Try it –
Without any pictures, print exactly the lines that run from the start of the data through the line containing "ABAKUHAUS Zomer Kussenhoes".

Supplied entries –
=== Section Start ===

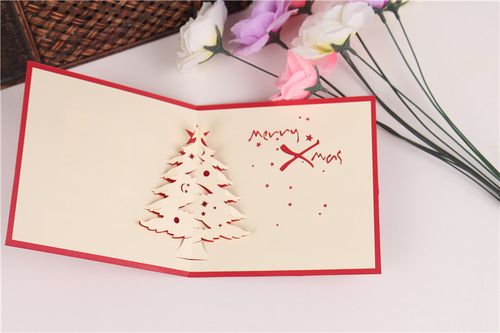 手工纸雕祝福卡片 3d 创意立体 圣诞节雪松爱情生日商务贺卡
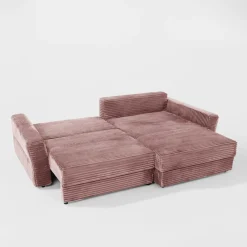 Narożnik sztruksowy pudrowy róż NOEMI prawy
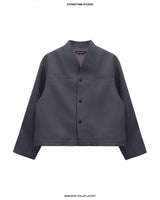 GREY MANDARIN COLLAR JACKET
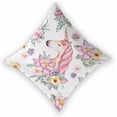thumbnail image 2 of Pink Throw Pillow Cover Set of 2 Cases Watercolor Flower Blue Leaf Cosplay Outdoor Decor Pillowcase Home Square 18x18 Inch Pillow Slip, 2 of 6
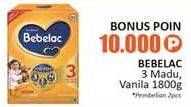 Promo Harga BEBELAC 3 Susu Pertumbuhan Madu, Vanila 1800 gr - Alfamidi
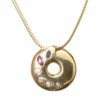 Gouden collier met hanger robijn saffier diamant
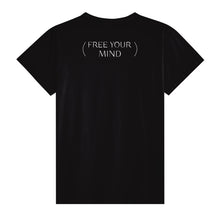 Load image into Gallery viewer, &quot;Relaxed-fit black oversized t-shirt with abstract white print, unisex fashion&quot;
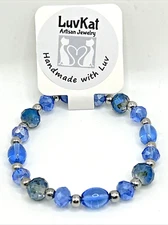 7.5" Blue Glass & Stainless Steel Beaded Stretch Bracelet- Trendy & Stackable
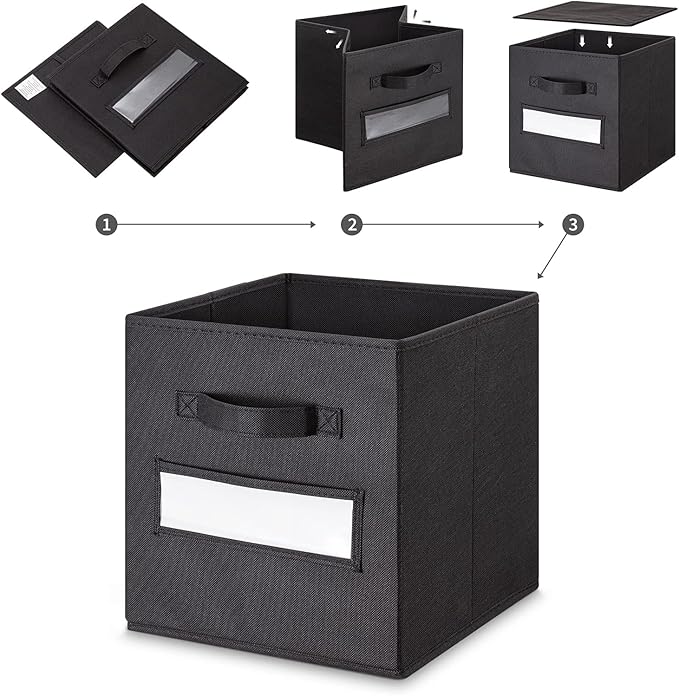 11 Inch Storage Cube,Storage bin,cube storage (Set of 10) Foldable Fabric Cube Storage Bins with 10 Labels Window Cards & a Pen,Baskets Containers for Shelves,Closet Organizers Box,Black
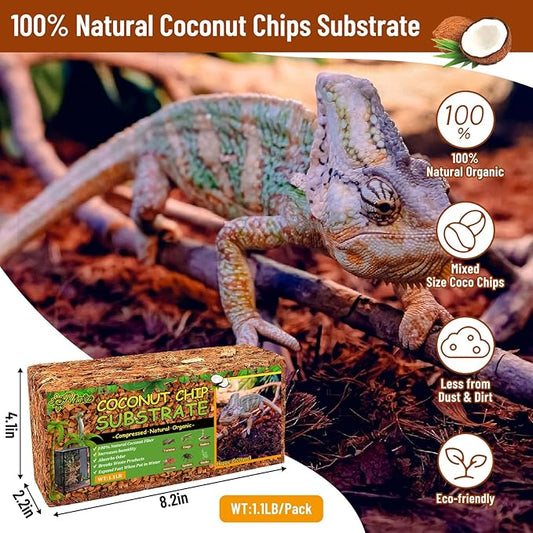 Riare 6 Pack Natural Coconut Chip Substrate for Reptiles- Compressed Coconut Husk Reptiles Bedding, Coco Husk Chip Terrarium Substrate for Snakes, Tortoises, Ball Python, Frogs, Bearded Dragon, Lizard Riare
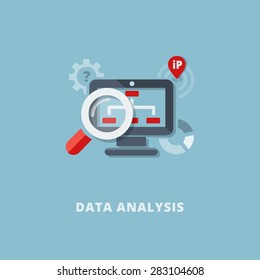 Concept of data analytics and website search optimization. Flat design. Vector Illustration.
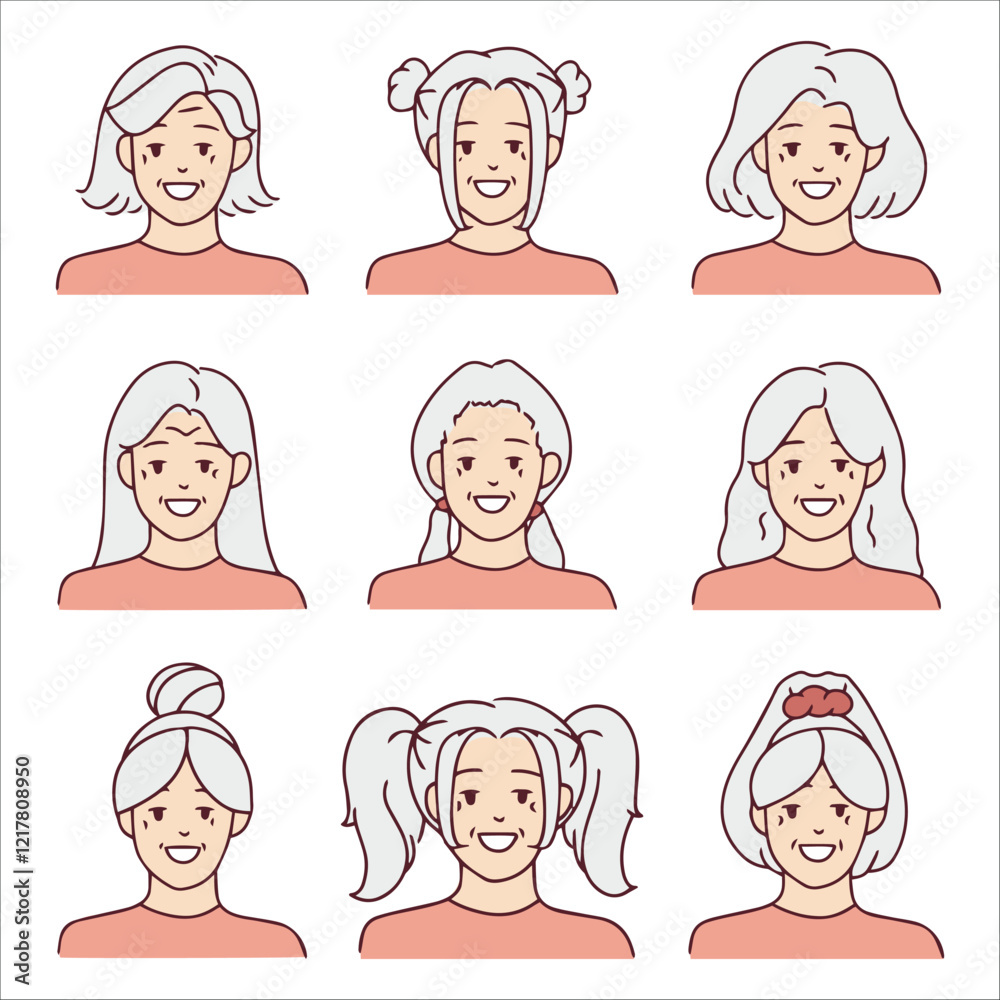 A collection of hairstyles for senior women. Includes a variety of elegant and simple styles for all ages A collection of hairstyles for senior women. Includes a variety of elegant and simple styles for all ages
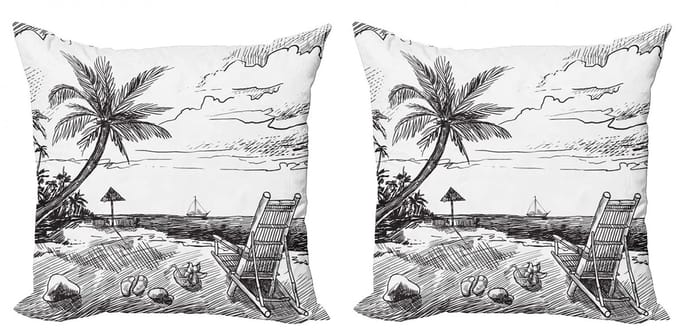 ABAKUHAUS Zomer Kussenhoes Set – 2x45x45 cm – Microvezel – Zwart/Wit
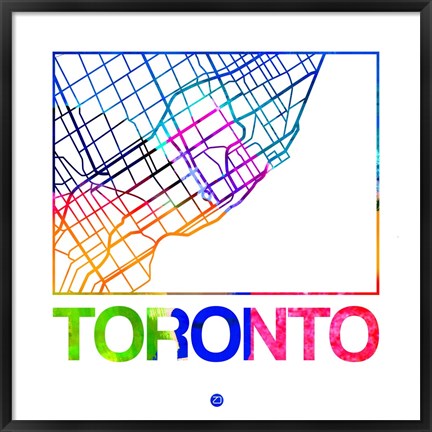 Framed Toronto Watercolor Street Map Print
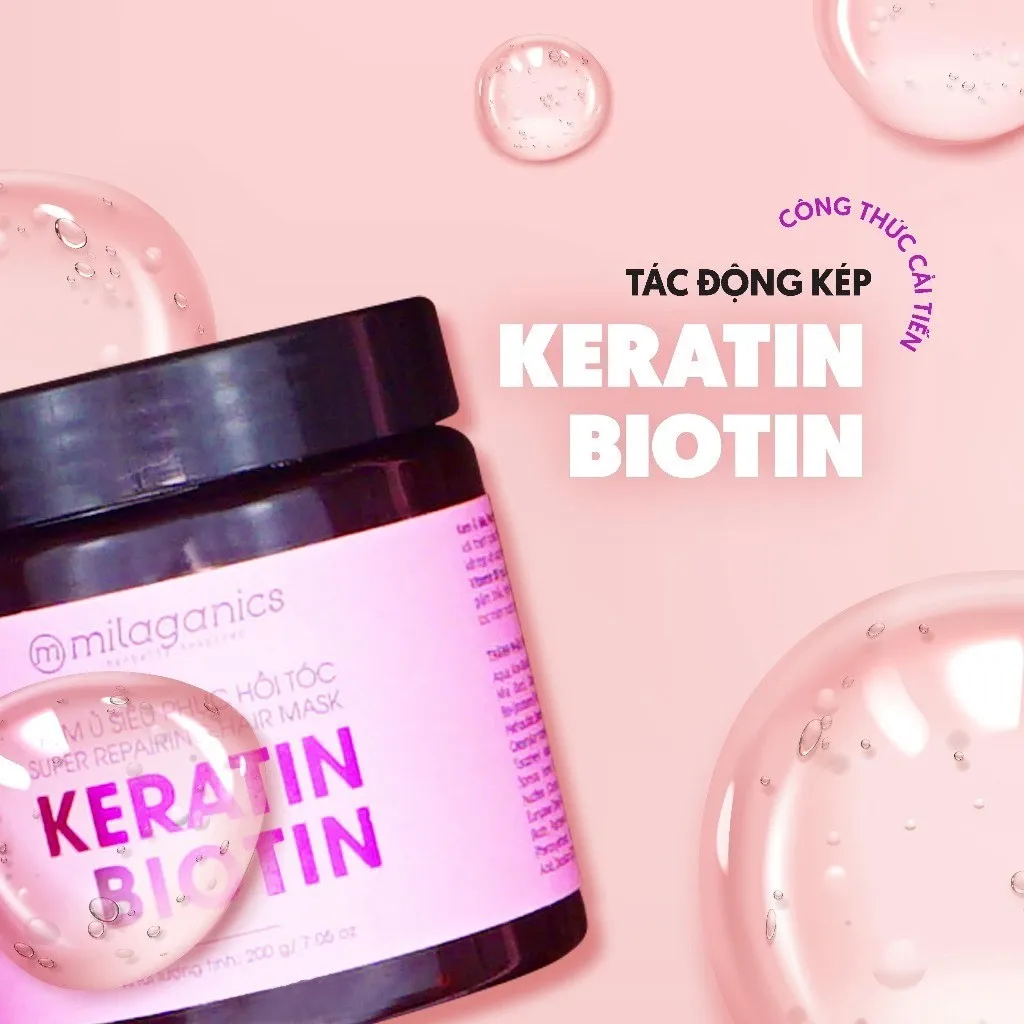Kem Ủ Tóc Biotin & Keratin Công Thức Phục Hồi Tóc Chuyên Sâu - Dưỡng Tóc Chuẩn Spa 200gr (hũ)-milaganics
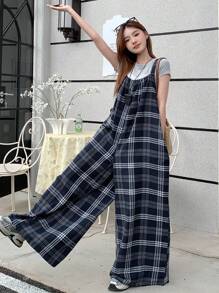 DAZY 女式格子宽松休闲无袖长款连体裤秋冬 - 藏蓝色 - 查看 4
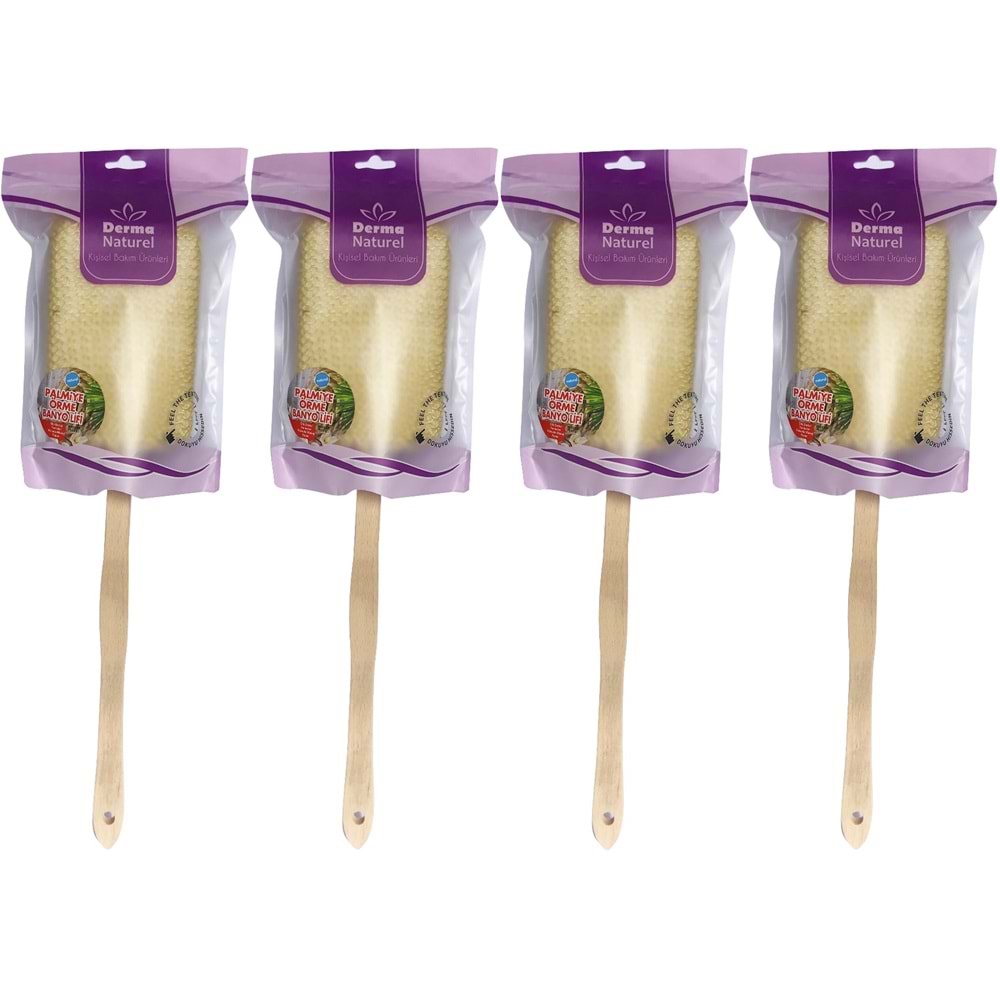 Derma Naturel Palmiye Örme Sopalı Banyo Sırt Lifi (8*24CM) MS-09 (4 Lü Set)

=== Section End ===

Solution to the problem –
 手工纸雕祝福卡片 3d 创意立体 圣诞节雪松爱情生日商务贺卡
 Narożnik sztruksowy pudrowy róż NOEMI prawy
 GREY MANDARIN COLLAR JACKET
thumbnail image 2 of Pink Throw Pillow Cover Set of 2 Cases Watercolor Flower Blue Leaf Cosplay Outdoor Decor Pillowcase Home Square 18x18 Inch Pillow Slip, 2 of 6
 Promo Harga BEBELAC 3 Susu Pertumbuhan Madu, Vanila 1800 gr - Alfamidi
 Gouden collier met hanger robijn saffier diamant
 Load image into Gallery viewer, &quot;Relaxed-fit black oversized t-shirt with abstract white print, unisex fashion&quot;
 7.5" Blue Glass & Stainless Steel Beaded Stretch Bracelet- Trendy & Stackable
 11 Inch Storage Cube,Storage bin,cube storage (Set of 10) Foldable Fabric Cube Storage Bins with 10 Labels Window Cards & a Pen,Baskets Containers for Shelves,Closet Organizers Box,Black
 Riare 6 Pack Natural Coconut Chip Substrate for Reptiles- Compressed Coconut Husk Reptiles Bedding, Coco Husk Chip Terrarium Substrate for Snakes, Tortoises, Ball Python, Frogs, Bearded Dragon, Lizard Riare
 Concept of data analytics and website search optimization. Flat design. Vector Illustration.
 A collection of hairstyles for senior women. Includes a variety of elegant and simple styles for all ages A collection of hairstyles for senior women. Includes a variety of elegant and simple styles for all ages
 ABAKUHAUS Zomer Kussenhoes Set – 2x45x45 cm – Microvezel – Zwart/Wit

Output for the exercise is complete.